Thought I would share my last two trips to PA for trout and steel..

Last Saturday we headed up to Erie to catch some chrome. The stream was at a good level, but clear like always and plenty of people. There were millions of people fishin over the large groups of fish, but we found some smaller pods in between the bigger holes. 








Here's a skipper. I definitely noticed more this year than in the past. Lots on peoples stringers too.









Sunday morning we decided to check out a trout stream outside of Franklin, PA. We caught a bunch of stocked rainbows in the faster water on eggs, but also saw some fish in the slower pools but I think they were spooked. I also managed to get a wild brown.

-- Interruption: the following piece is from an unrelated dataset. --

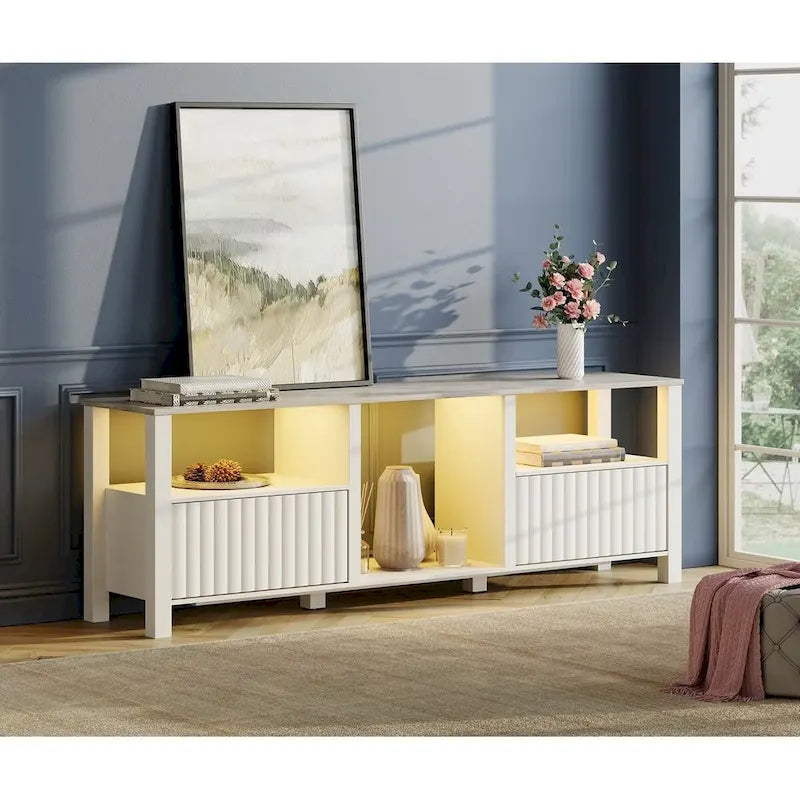 Meuble TV avec bande lumineuse LED et meuble de rangement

We fished the fly fishing only stretch on this stream, and TU did some nice work on it. 

























Today we hit a different wild brownie stream in NW PA. We fished it about a month ago and did pretty good, but today I only got one, which was on my first cast of the day. Very beautiful little creek with rugged terrain.

























After that we fished a more popular trout stream nearby. We were the only ones there(which is rare) and the stream was in really good shape, but filled with leaves. We managed to get some stocked bows and browns. A great two weekends on some beautiful streams!


----------



## bruceride (Aug 1, 2011)

Great pictures and report!


----------



## LilSiman/Medina (Nov 30, 2010)

Nice pictures! I can't wait till april to go back down there with the guys.


----------



## fishmerf (Mar 28, 2008)

Great pictures! I think I recognize two of those streams. Thanks for sharing.
Merf


----------



## TheCream (Mar 19, 2009)

Very nice, that water looks great!


----------



## fishinnick (Feb 19, 2011)

Thanks guys! Yeah thats all great water, especially on those wild streams.


----------